Task objective: In the records below, find the line with "Felületi spotlámpa ALTRA" and the line with "红米3开箱视频体验,699元小米手机推荐"; return exactly those lines and every line between them.

Material for the task:
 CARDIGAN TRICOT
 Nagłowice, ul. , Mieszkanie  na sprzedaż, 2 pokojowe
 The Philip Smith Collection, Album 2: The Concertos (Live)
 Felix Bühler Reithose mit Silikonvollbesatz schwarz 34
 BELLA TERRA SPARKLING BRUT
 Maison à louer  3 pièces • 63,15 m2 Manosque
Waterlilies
...
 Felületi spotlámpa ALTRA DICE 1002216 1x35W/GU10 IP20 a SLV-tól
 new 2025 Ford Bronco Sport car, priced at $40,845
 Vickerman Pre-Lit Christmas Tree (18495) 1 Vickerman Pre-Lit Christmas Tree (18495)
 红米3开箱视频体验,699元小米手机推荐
...
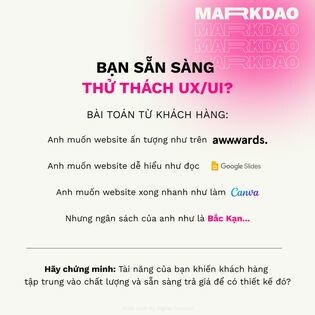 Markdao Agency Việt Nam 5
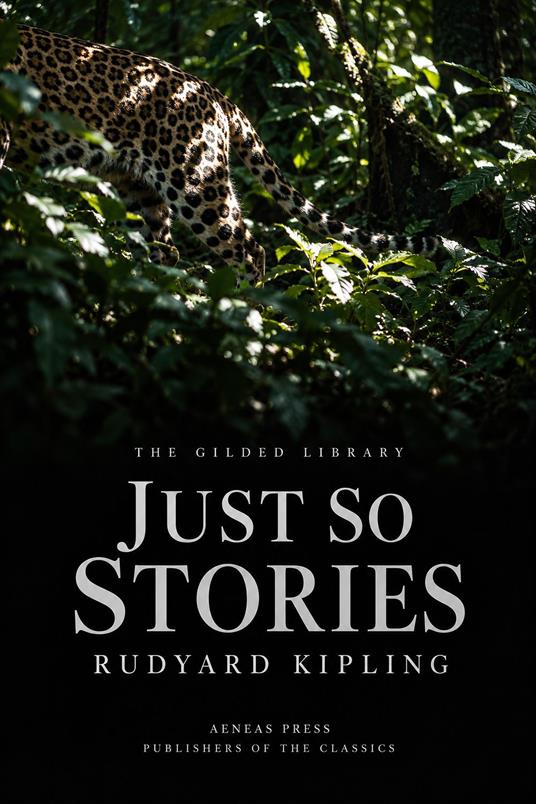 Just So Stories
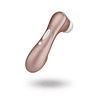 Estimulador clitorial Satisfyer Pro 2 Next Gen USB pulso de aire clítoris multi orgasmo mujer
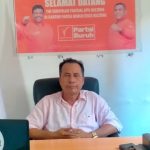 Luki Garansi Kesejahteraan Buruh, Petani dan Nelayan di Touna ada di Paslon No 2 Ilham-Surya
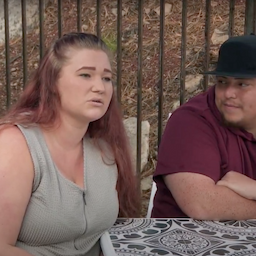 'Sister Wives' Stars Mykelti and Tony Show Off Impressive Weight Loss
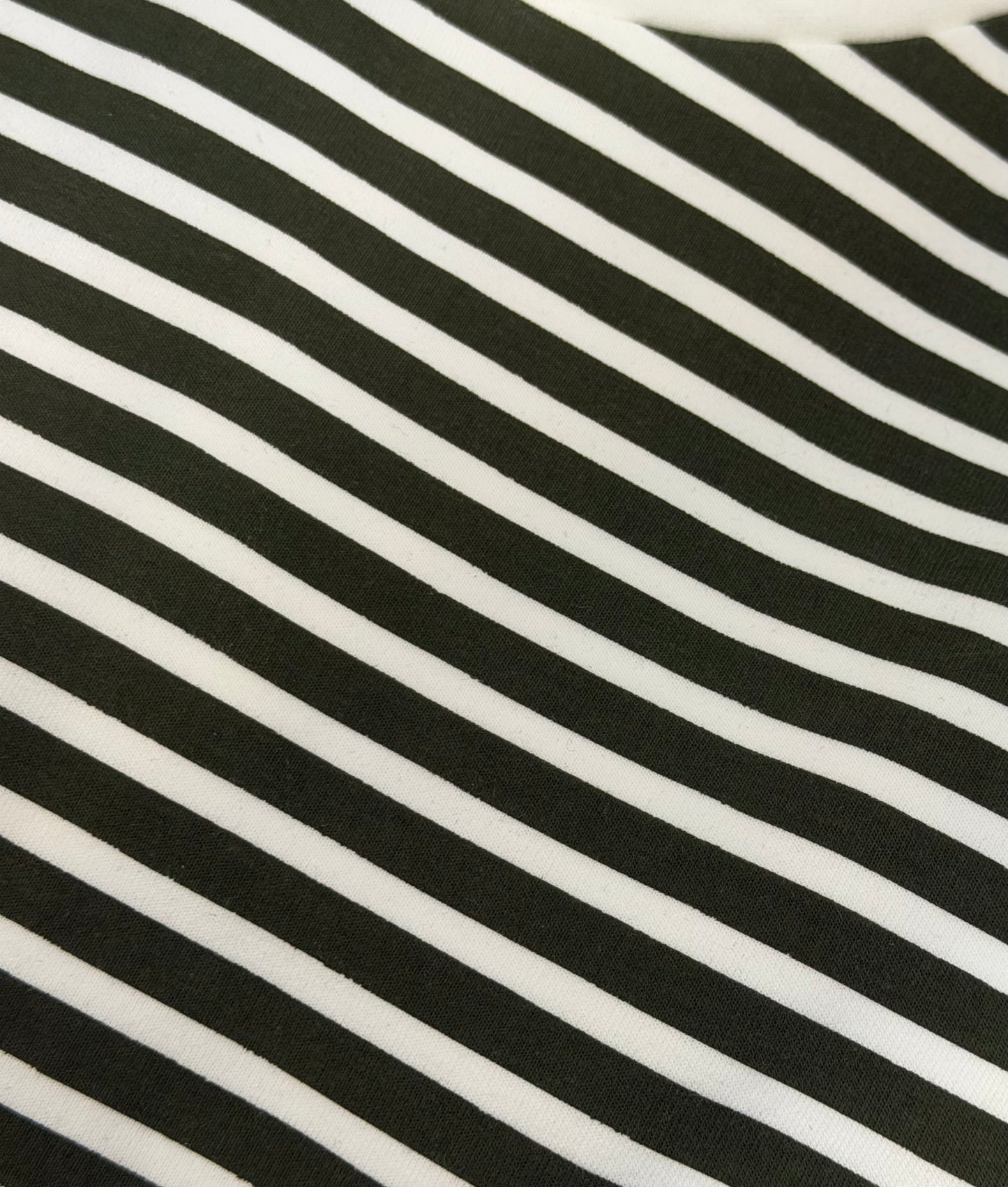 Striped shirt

Response:
 Felületi spotlámpa ALTRA DICE 1002216 1x35W/GU10 IP20 a SLV-tól
 new 2025 Ford Bronco Sport car, priced at $40,845
 Vickerman Pre-Lit Christmas Tree (18495) 1 Vickerman Pre-Lit Christmas Tree (18495)
 红米3开箱视频体验,699元小米手机推荐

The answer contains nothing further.